__WHAT THIS TASK INVOLVES__: Please transcribe, exactly, the line that contains "1.深入学习《党政机关厉行节" and every line after it to the end of the records, and nothing else.

★ ★ ★

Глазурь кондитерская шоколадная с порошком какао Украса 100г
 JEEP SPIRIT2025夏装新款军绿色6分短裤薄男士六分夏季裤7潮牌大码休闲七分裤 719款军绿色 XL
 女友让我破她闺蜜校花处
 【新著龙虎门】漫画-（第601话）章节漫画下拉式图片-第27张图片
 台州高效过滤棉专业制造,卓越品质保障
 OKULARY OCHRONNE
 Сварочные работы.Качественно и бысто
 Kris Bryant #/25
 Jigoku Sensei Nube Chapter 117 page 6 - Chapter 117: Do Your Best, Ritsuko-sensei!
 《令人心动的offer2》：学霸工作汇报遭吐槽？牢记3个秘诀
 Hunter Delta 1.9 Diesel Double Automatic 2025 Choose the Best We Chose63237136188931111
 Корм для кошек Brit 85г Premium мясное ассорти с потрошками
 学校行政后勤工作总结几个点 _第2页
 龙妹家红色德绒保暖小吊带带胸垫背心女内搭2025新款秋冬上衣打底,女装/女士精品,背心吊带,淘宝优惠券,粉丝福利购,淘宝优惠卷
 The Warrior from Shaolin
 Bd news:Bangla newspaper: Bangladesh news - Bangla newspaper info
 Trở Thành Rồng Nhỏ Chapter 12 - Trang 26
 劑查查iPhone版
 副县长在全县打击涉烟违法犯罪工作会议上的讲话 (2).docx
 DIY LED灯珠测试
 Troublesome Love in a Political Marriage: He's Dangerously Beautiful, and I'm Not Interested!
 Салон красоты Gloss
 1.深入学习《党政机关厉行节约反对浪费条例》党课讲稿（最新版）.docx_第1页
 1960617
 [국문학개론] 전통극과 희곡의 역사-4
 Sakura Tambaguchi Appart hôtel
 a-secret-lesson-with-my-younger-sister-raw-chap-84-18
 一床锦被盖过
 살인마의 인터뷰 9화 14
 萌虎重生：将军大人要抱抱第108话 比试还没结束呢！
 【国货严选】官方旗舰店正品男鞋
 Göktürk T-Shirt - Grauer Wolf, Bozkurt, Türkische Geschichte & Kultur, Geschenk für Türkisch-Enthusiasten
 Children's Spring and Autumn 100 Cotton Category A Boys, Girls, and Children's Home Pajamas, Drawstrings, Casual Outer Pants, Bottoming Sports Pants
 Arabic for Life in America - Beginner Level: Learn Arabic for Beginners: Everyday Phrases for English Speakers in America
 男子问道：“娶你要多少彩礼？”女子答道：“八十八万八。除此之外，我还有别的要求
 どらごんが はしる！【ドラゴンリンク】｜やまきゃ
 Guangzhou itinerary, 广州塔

★ ★ ★

__YOUR RESPONSE__:
 1.深入学习《党政机关厉行节约反对浪费条例》党课讲稿（最新版）.docx_第1页
 1960617
 [국문학개론] 전통극과 희곡의 역사-4
 Sakura Tambaguchi Appart hôtel
 a-secret-lesson-with-my-younger-sister-raw-chap-84-18
 一床锦被盖过
 살인마의 인터뷰 9화 14
 萌虎重生：将军大人要抱抱第108话 比试还没结束呢！
 【国货严选】官方旗舰店正品男鞋
 Göktürk T-Shirt - Grauer Wolf, Bozkurt, Türkische Geschichte & Kultur, Geschenk für Türkisch-Enthusiasten
 Children's Spring and Autumn 100 Cotton Category A Boys, Girls, and Children's Home Pajamas, Drawstrings, Casual Outer Pants, Bottoming Sports Pants
 Arabic for Life in America - Beginner Level: Learn Arabic for Beginners: Everyday Phrases for English Speakers in America
 男子问道：“娶你要多少彩礼？”女子答道：“八十八万八。除此之外，我还有别的要求
 どらごんが はしる！【ドラゴンリンク】｜やまきゃ
 Guangzhou itinerary, 广州塔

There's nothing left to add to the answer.